> [PROVIDED ENTRIES]
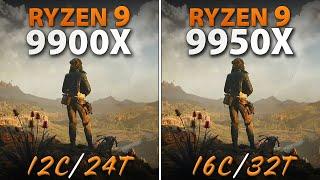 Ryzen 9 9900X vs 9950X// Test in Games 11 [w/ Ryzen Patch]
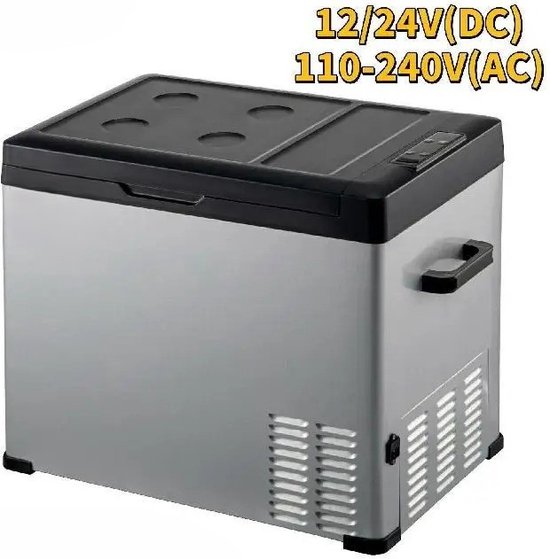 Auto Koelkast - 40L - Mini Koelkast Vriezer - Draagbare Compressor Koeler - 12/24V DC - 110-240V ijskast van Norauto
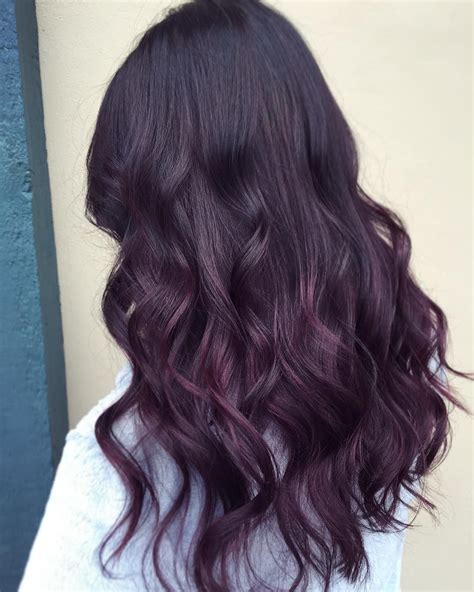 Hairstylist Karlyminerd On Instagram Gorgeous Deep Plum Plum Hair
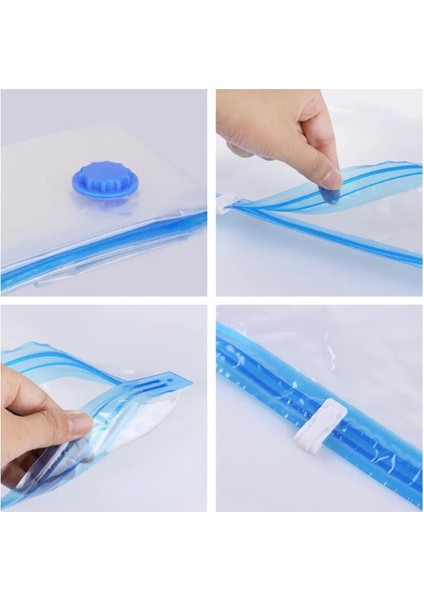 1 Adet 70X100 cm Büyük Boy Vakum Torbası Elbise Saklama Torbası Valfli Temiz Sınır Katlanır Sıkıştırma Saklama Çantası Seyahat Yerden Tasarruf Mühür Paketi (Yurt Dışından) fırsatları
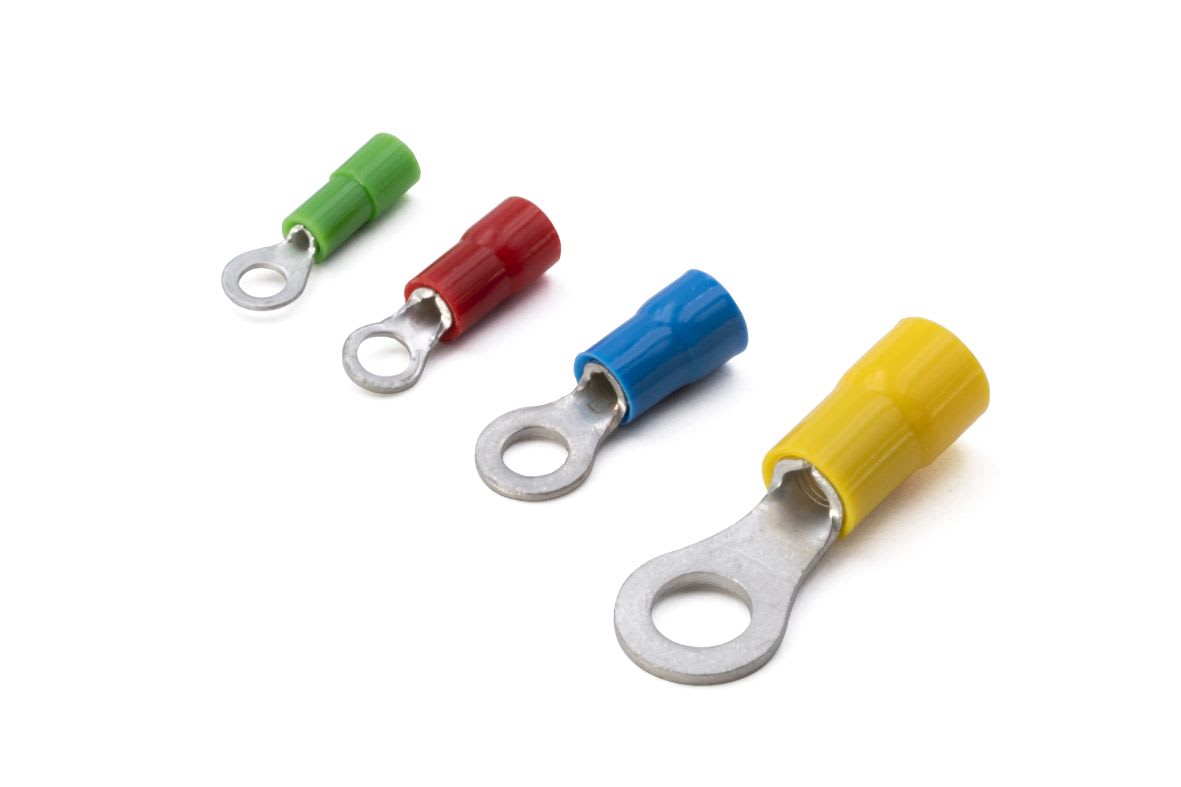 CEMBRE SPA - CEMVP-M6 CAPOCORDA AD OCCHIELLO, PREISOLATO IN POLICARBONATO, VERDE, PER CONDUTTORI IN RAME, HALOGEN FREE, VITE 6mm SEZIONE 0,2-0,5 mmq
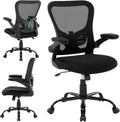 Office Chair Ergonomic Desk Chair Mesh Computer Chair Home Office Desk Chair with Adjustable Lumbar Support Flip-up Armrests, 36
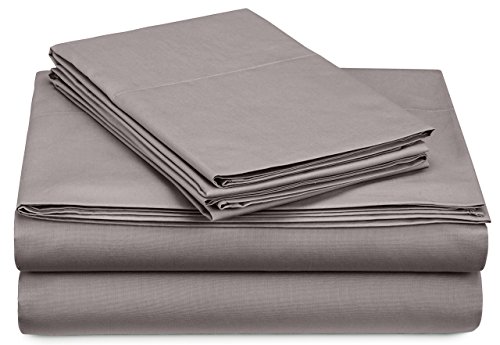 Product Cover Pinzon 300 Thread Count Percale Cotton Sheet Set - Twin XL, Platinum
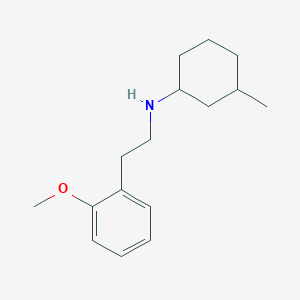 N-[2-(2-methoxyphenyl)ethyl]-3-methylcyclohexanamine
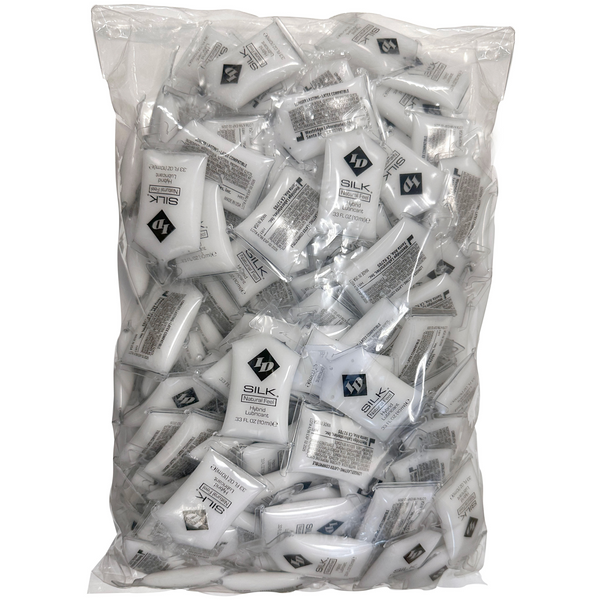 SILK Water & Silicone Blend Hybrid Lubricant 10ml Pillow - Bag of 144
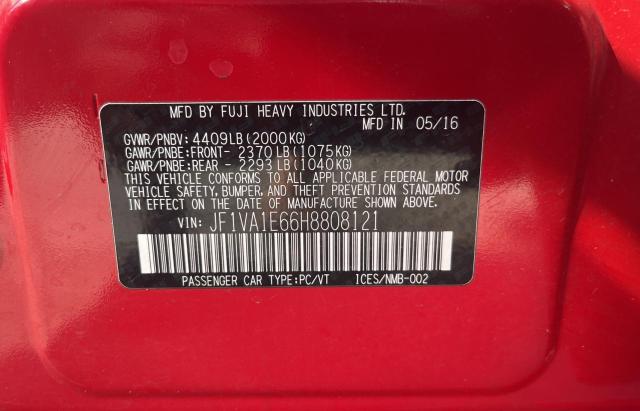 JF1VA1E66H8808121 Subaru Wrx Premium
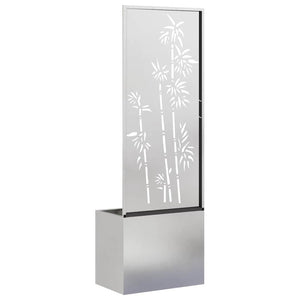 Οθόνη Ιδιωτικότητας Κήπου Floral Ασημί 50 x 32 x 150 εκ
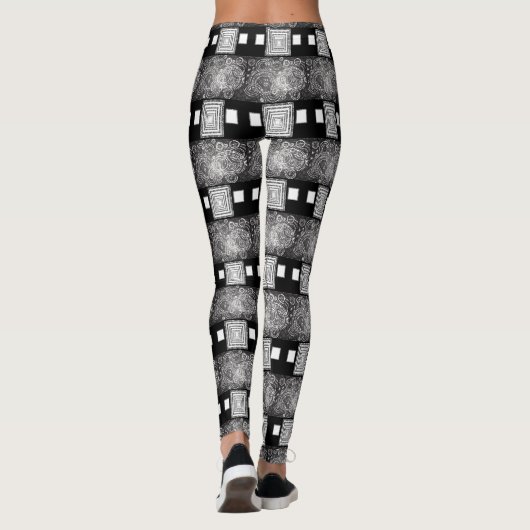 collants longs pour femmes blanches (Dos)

> [TASK BRIEF] Transcribe every entry above exactly. Omit all pictures.

> [EXPECTED OUTPUT]
 Ryzen 9 9900X vs 9950X// Test in Games 11 [w/ Ryzen Patch]
 Auto Koelkast - 40L - Mini Koelkast Vriezer - Draagbare Compressor Koeler - 12/24V DC - 110-240V ijskast van Norauto
 Hairstylist Karlyminerd On Instagram Gorgeous Deep Plum Plum Hair
 1 Adet 70X100 cm Büyük Boy Vakum Torbası Elbise Saklama Torbası Valfli Temiz Sınır Katlanır Sıkıştırma Saklama Çantası Seyahat Yerden Tasarruf Mühür Paketi (Yurt Dışından) fırsatları
 CEMBRE SPA - CEMVP-M6 CAPOCORDA AD OCCHIELLO, PREISOLATO IN POLICARBONATO, VERDE, PER CONDUTTORI IN RAME, HALOGEN FREE, VITE 6mm SEZIONE 0,2-0,5 mmq
 Office Chair Ergonomic Desk Chair Mesh Computer Chair Home Office Desk Chair with Adjustable Lumbar Support Flip-up Armrests, 36
 Product Cover Pinzon 300 Thread Count Percale Cotton Sheet Set - Twin XL, Platinum
 N-[2-(2-methoxyphenyl)ethyl]-3-methylcyclohexanamine
 SILK Water & Silicone Blend Hybrid Lubricant 10ml Pillow - Bag of 144
 JF1VA1E66H8808121 Subaru Wrx Premium
 Οθόνη Ιδιωτικότητας Κήπου Floral Ασημί 50 x 32 x 150 εκ
 collants longs pour femmes blanches (Dos)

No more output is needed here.